10. 廃棄王女、魔眼を解放する

「あなた方はいったい何処のどなた様かしら?」

「あぁん? 何だ、てめぇは?」


 私が賊の注意を引いている間に、アルトがサッとハンドサインを出す。すると素早く二人の騎士が離れていくのが魔力の流れで分かりました。


「私どもは故あって、ロオカの王都ベティーズへと向かっている者です」


 状況を理解していない世間知らずな令嬢ならこんな感じでしょうか?


「通行の邪魔ですから、そこを退いて下さらないかしら?」

「はっ! この状況で呑気なもんだな」


 賊の頭が小馬鹿にしたように鼻を鳴らすと、配下の賊達がげらげらと下品な笑い声を上げました。私のずれた態度が面白かったのでしょうか?


 まあ、確かに馬車から出ずに騎士に守られるのが普通の令嬢です。私の振る舞いは、頭がおかしいと思われても仕方がないのかもしれませんね。


「いったい何のお話でしょう?」

「俺達が何で立ち塞がっているかわかんねぇんか」

「ですから、天下の往来を妨げているあなた方に、道を開けて欲しいとお願いしているのですが?」


 ましてや武装している暴漢を前に、にこにこと笑って的外れな言動をしているのです。誰もが私を侮るでしょう。

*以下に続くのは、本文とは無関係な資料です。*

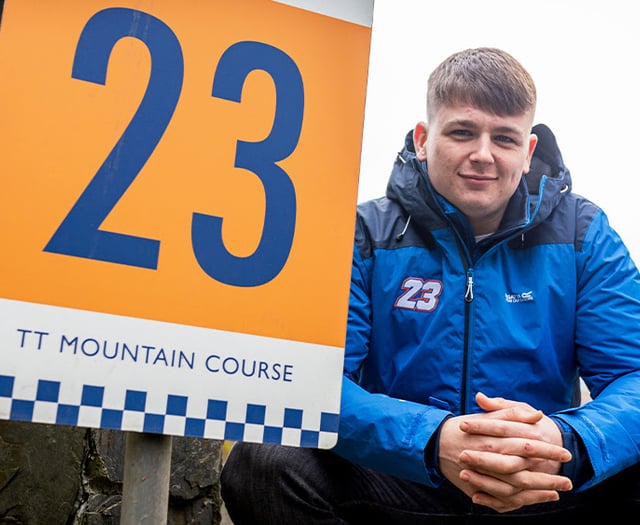 Host of TT regulars among provisional entry for Macau Grand Prix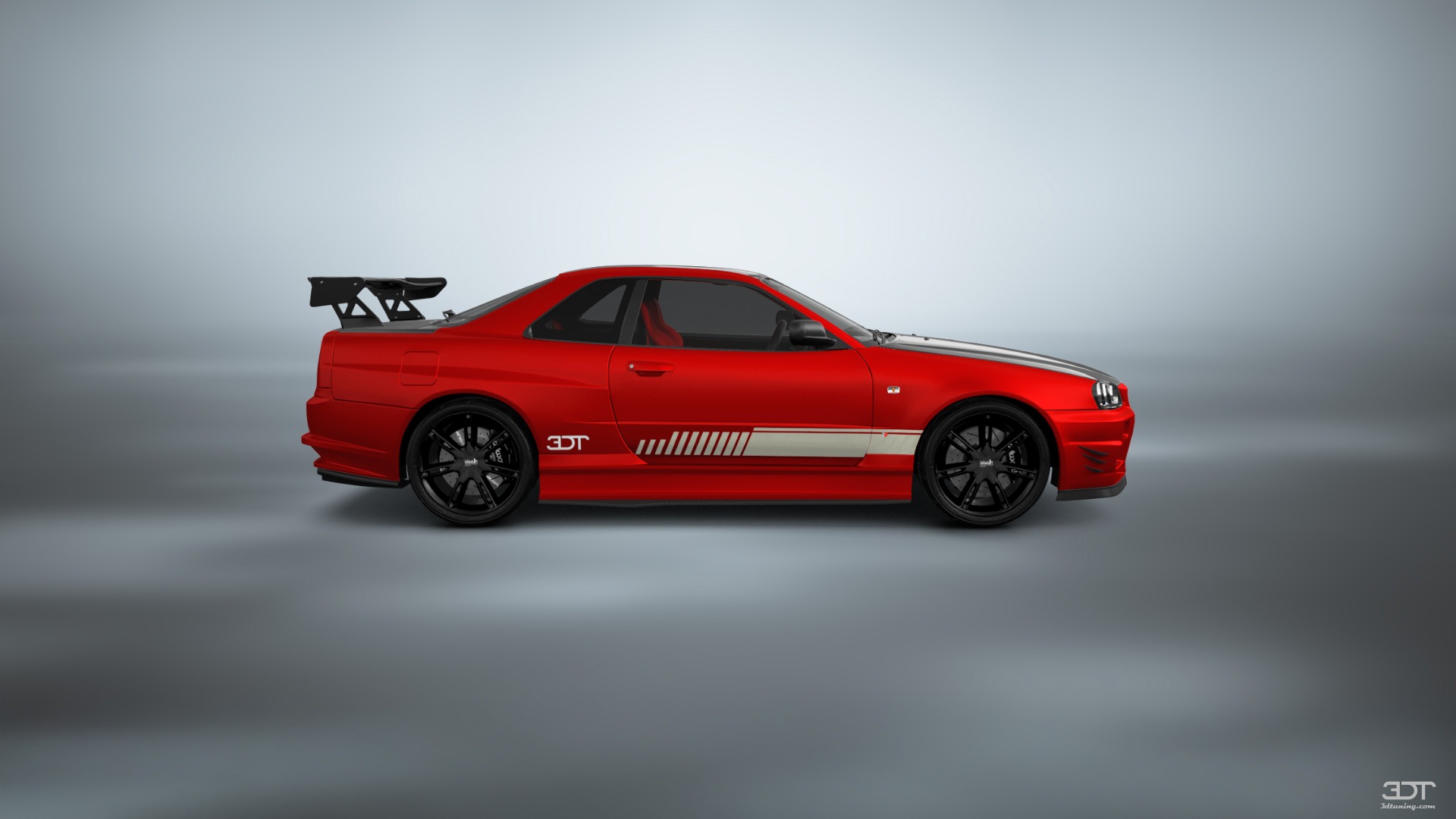 3DT-Share-99's Car Garage | 3DTuning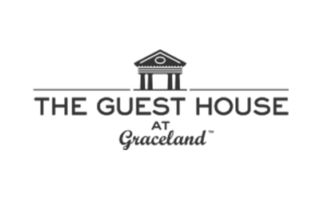 The Guest House at Graceland Logo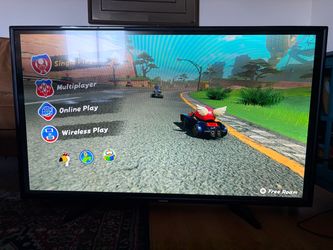 49” Toshiba 2017 TV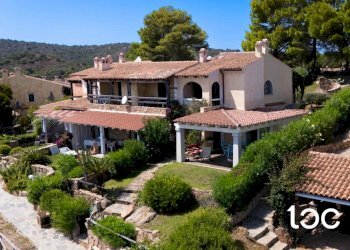 Villa a Schiera Budoni - foto 4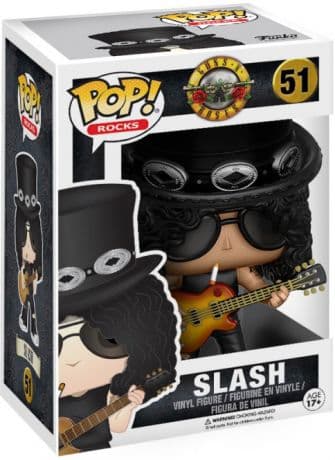 Slash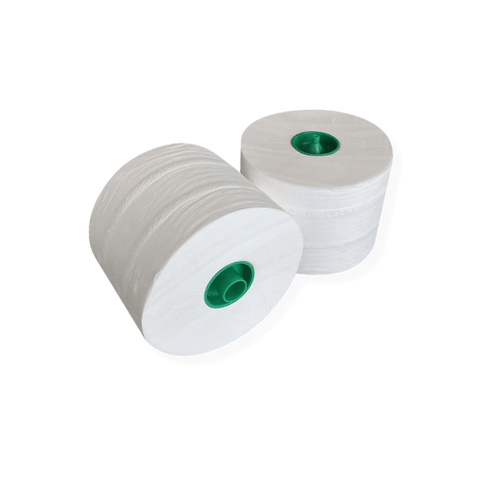 Klika -  Toiletpapier met dop 2 laags 100m recycled T4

「命令すれば俺達が素直に言う事を聞くと思ってんのかね」

「それなのにノコノコ自分から出てきやがった」

「ほんっと、おめでたいヤツだぜ」

「カザリアのお姫様は頭が緩いらしい」


 果たして賊の方から色々と情報を提供してくれました。


「なるほど、あなた方は私がカザリアの王女と知って、狼藉を働こうとなさっておられるのですね」


 笑みを引っ込め私はスッと目を細めました。豹変した私の雰囲気に、賊は戸惑いを隠せないようです。


「それに、隠してはいますが、ずいぶん言葉に帝国訛りがあるのですね」

「――!?」


 男達に緊張が走りました。


 実際には、彼らの口調からそこまで特定できるほどはっきりとは分かりませんでした。まあ、カマを掛けたわけですが、見事に彼らの態度が真実を雄弁に語ってくれています。


 つまり、彼らはただの賊ではなく、明確に私を狙った刺客なのでしょう。それも帝国からの。


「てめぇ、本当にカザリアの王女か?」


 髭面の頭が警戒の色を強めました。王女が刺客と疑う相手の前に、のこのこ現れるはずもないのです。きっと私を影武者か何かと疑ったのでしょう。


「ええ、間違いなく私は正真正銘カザリアの第二王女メディアですよ」

「信じられんな」

「ふふ、信じる信じないはあなたのご随意に……」


 私は彼らに向かって二本の指を立てました。


「さて、カザリア第二王女メディアの名において、あなた達には二つの道を選ばせてあげましょう」

「なんだと!」


 馬鹿にされたと思ったのでしょうか、髭面の頭が顔を険しくして睨んできました。か弱い貴族令嬢なら怯え上がるか気を失っているところでしょう。ですが、私にはちょっとも臆するところはありません。


 彼らのほぼ全員が私の視界に入った段階で、勝負はもうついているのです。


「一つ、このまま大人しく立ち去りなさい。そうすれば命までは取りません」

「この状況で強気な女だな」


 髭面の頭が口の端を吊り上げました。私からすればおかしな事は申しておりません。しかし、彼らからすれば私が滑稽こっけいに見えるのでしょう。


 私達の前にいるのは、五十名は下らない帝国の暗殺者。十名ほどの騎士に守られた小集団など、彼らの目には良いカモとしか映らないのかもしれません。


「二つ、あくまで盾突き一戦交える。その場合は申し訳ありませが……」


 私はにっこりと笑みを浮かべると、表情とは真逆の残忍な宣告をしました。


「あなた達には死んでいただきます。一人たりとも助命は許しません」

「舐めるなよ小娘がッ!」


 愚弄されたと解釈したのか、髭面の頭が激昂して剣を手に襲い掛かってきました。他の男達も怒気を含んだ叫び声を上げて突進してきます。


 数十人の屈強な男達が武器を手に襲い掛かってくる。ただの令嬢であれば絶望的な状況であるのは間違いありません。それでも私は特に慌てず静かに彼らを真っ直ぐ見据えたまま。


 そして、私は瞳に魔力を集中すると小さく呟きました。